- Data -
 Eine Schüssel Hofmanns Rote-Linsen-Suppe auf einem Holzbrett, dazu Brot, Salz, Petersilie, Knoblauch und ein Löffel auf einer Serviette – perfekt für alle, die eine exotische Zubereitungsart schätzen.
...
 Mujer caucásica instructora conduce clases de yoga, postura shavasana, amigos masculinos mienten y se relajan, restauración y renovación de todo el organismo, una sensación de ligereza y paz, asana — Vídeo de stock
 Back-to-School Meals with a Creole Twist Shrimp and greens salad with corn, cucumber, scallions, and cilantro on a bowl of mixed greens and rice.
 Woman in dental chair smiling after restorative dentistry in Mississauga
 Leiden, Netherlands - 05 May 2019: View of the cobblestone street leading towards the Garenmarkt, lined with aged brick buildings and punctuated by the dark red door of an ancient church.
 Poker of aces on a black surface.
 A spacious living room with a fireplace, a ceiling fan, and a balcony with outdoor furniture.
* * *
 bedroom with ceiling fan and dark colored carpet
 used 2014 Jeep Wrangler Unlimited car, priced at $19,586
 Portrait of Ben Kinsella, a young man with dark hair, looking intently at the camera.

- Assignment -
Word for word, restate the lines of the listing above starting at the line with "bedroom with ceiling" and ending at the line with "Portrait of Ben", and nothing outside them.

- Your response -
 bedroom with ceiling fan and dark colored carpet
 used 2014 Jeep Wrangler Unlimited car, priced at $19,586
 Portrait of Ben Kinsella, a young man with dark hair, looking intently at the camera.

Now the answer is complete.